DESENVOLVIMENTO DE TECNOLOGIA
Além disso, de forma inédita, o Brasil é responsável por 50% dos componentes do novo satélite, desenvolvidos e fabricados a um custo de R$ 160 milhões para o país, contra 30% de tecnologia nacional nas missões anteriores. E, também pela primeira vez, uma das quatro câmeras do satélite foi inteiramente desenvolvida e produzida no Brasil: o Imageador de Média Resolução (MUX). Com resolução de 20 metros, ele serve especialmente ao controle de recursos hídricos e florestais e foi produzido pela empresa Opto Eletrônica, de São Carlos (SP). A câmera, com 115 kg, tem todo o aparato de proteção térmica e resistência a impacto para assegurar seu funcionamento durante o tempo de vida da missão do CBERS-3, estipulada em três anos. De acordo com o Inpe, é um dos projetos espaciais mais sofisticados já produzidos no Brasil.
Para o coordenador do Segmento de Aplicações do Programa CBERS no Inpe, José Carlos Epiphanio, o CBERS-3 fará o Brasil renascer, após três anos de paralisia, no mercado de fornecedores de imagens de satélite de média resolução, com a diferença que elas são gratuitas para cerca de 3 mil instituições, públicas ou privadas, do país.

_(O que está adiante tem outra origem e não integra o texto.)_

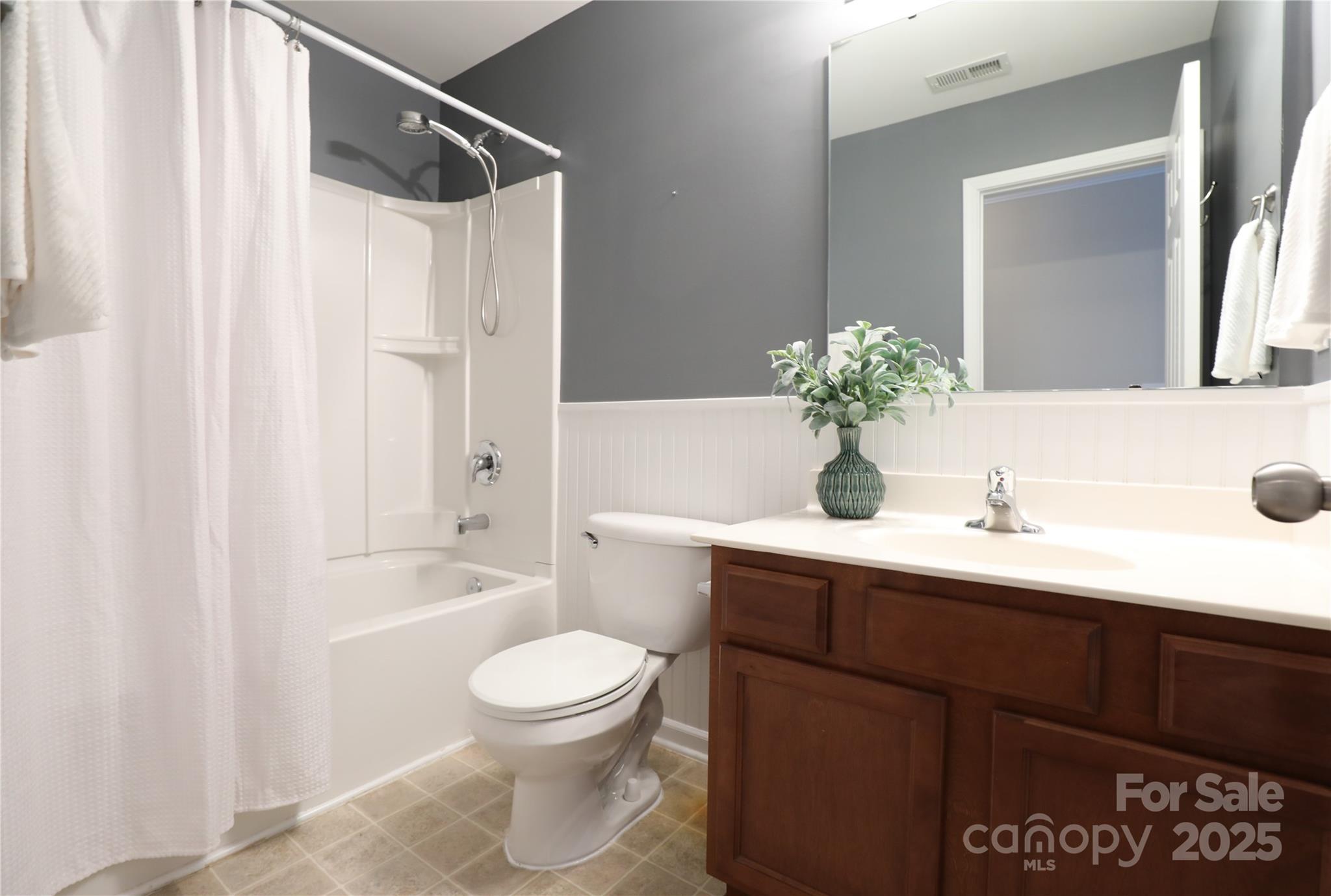 9814 Fernspray Road Charlotte, NC 28215 - Photo 15 of 24 Gallery Image 15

— Nosso grande tiro no pé foi não ter mantido um sistema de satélites de observação nos últimos três anos. Precisamos ter um programa de satélites sólido, o que não apenas aprimora a tecnologia no segmento como alimenta uma importante cadeia de geração de empregos entre os usuários do sistema — diz Epiphanio.
Um acerto estratégico que precisou ser mantido "na unha"
A demora no lançamento do CBERS 3 não foi o primeiro percalço enfrentado pelo Brasil após assinar o acordo espacial com a China em 1988. Desde o início, as dificuldades do país em entregar sua parte no acerto causaram atrasos que por pouco não levaram ao seu prematuro fim, lembra Roberto Abdenur, embaixador do Brasil na China entre 1989 e 1993. Logo após o acordo entrar em vigor, a mudança de governo em 1989, com a saída do presidente José Sarney e posse de Fernando Collor, congelou os investimentos no programa, que previa gastos de US$ 50 milhões pelo Brasil em equipamentos e transferências financeiras apenas para a construção e lançamento do CBERS-1, com custo total estimado em US$ 150 milhões.
— Em duas ou três ocasiões os chineses ficaram tão irritados com os atrasos que ameaçaram fazer tudo sozinhos e tirar o Brasil do programa — recorda o diplomata, hoje aposentado e presidente do Instituto Brasileiro de Ética Concorrencial (ETCO). — Assim, tive que segurar o acordo quase que na unha, como se diz, argumentando que tivessem paciência com o Brasil pois o projeto seria o pilar fundamental de uma importante parceria estratégica entre os dois países.
Para Abdenur, o lançamento do novo satélite em um momento em que Brasil e China avaliam uma ampliação do acordo espacial com um ambicioso plano decenal vem em boa hora.
— Alegra-me ver esta perspectiva de longo prazo, que dá mais certeza e segurança aos investimentos — diz ele. — Espero que com isso os governos brasileiros de agora e os que vêm por aí se deem conta da vital importância do setor aeroespacial para o desenvolvimento científico, tecnológico e industrial do Brasil.